BEGIN Stored data

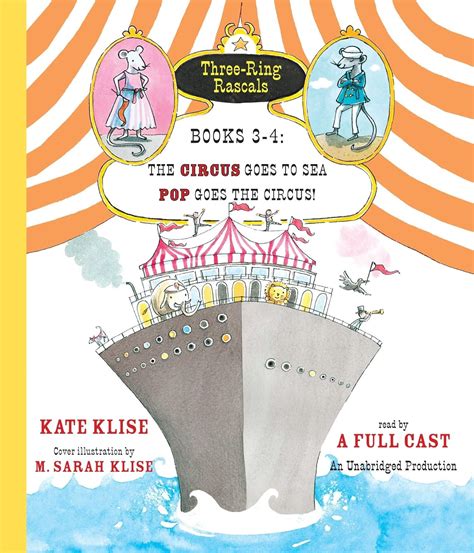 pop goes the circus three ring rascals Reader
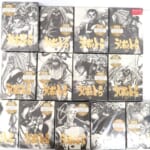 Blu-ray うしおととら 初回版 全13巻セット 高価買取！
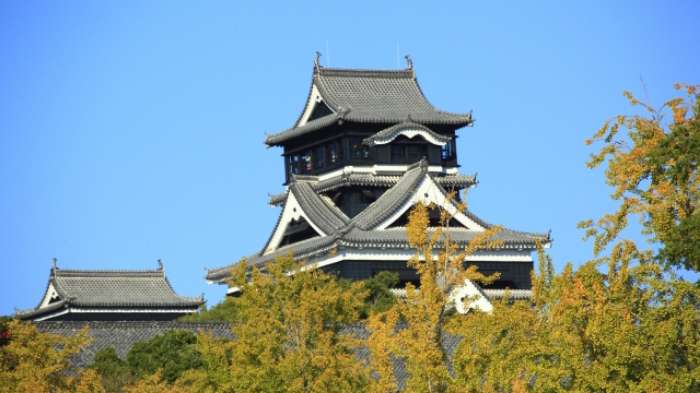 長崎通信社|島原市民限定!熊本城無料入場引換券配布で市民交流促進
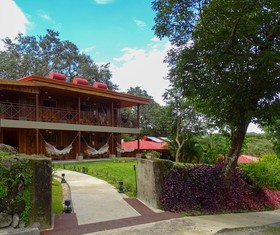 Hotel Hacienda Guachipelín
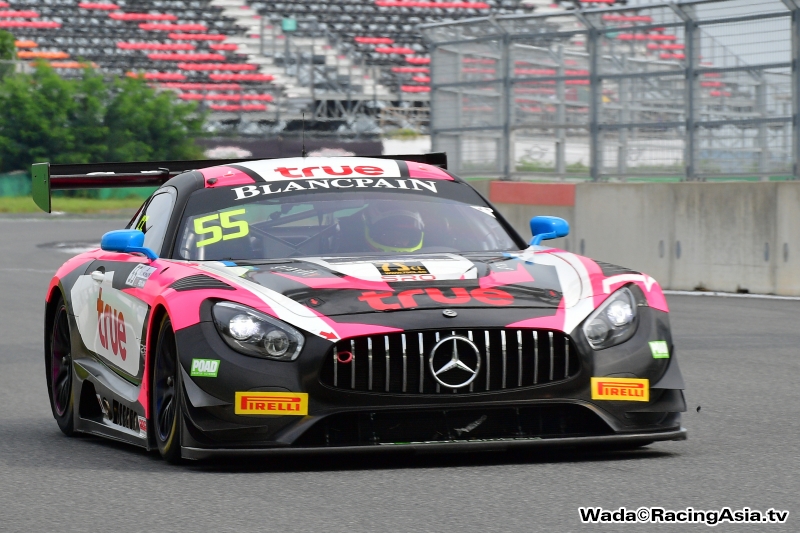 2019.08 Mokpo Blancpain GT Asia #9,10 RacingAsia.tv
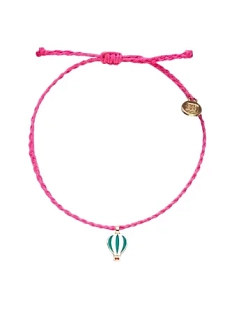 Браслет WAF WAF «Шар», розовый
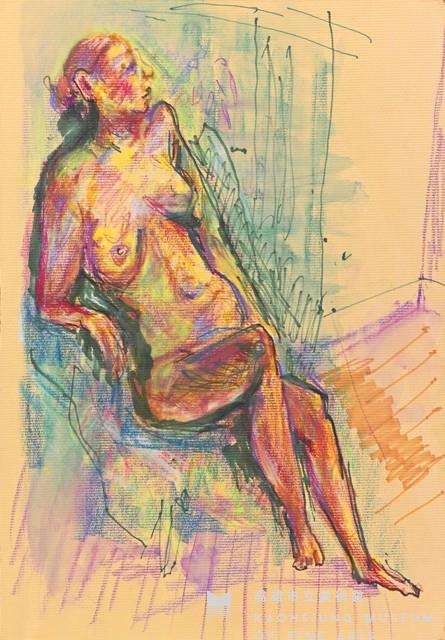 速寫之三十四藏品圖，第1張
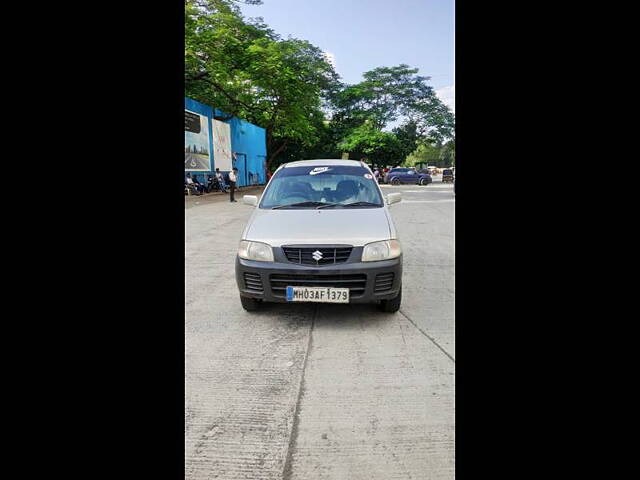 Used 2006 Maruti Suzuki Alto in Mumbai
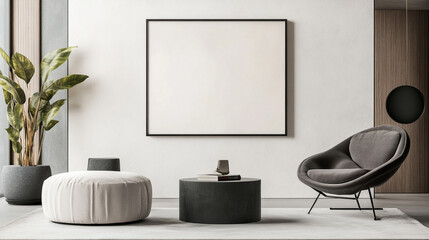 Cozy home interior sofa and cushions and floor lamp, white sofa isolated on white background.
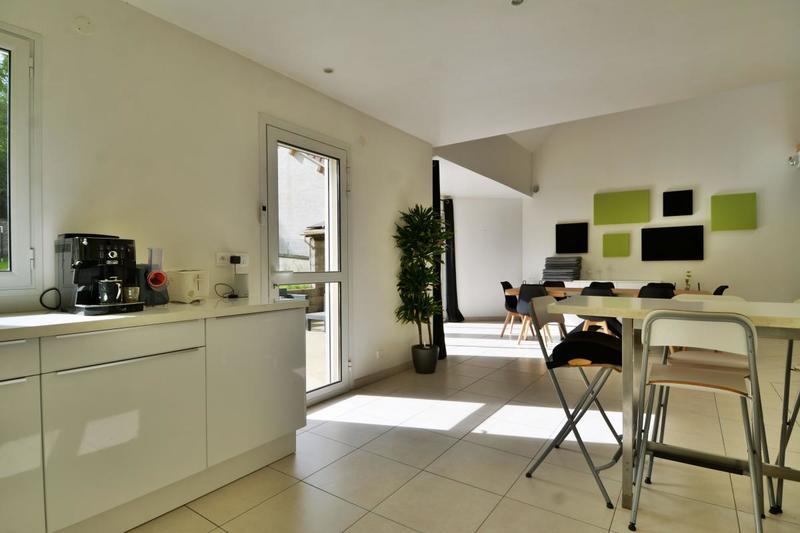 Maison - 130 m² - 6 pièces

END Stored data

**Exercise:**
Retype the material above exactly, images excluded.

**Your response:**
 pop goes the circus three ring rascals Reader
 Blu-ray うしおととら 初回版 全13巻セット 高価買取！
 長崎通信社|島原市民限定!熊本城無料入場引換券配布で市民交流促進
 Hotel Hacienda Guachipelín
 2019.08 Mokpo Blancpain GT Asia #9,10 RacingAsia.tv
 Браслет WAF WAF «Шар», розовый
 速寫之三十四藏品圖，第1張
 Used 2006 Maruti Suzuki Alto in Mumbai
 Cozy home interior sofa and cushions and floor lamp, white sofa isolated on white background.
 Maison - 130 m² - 6 pièces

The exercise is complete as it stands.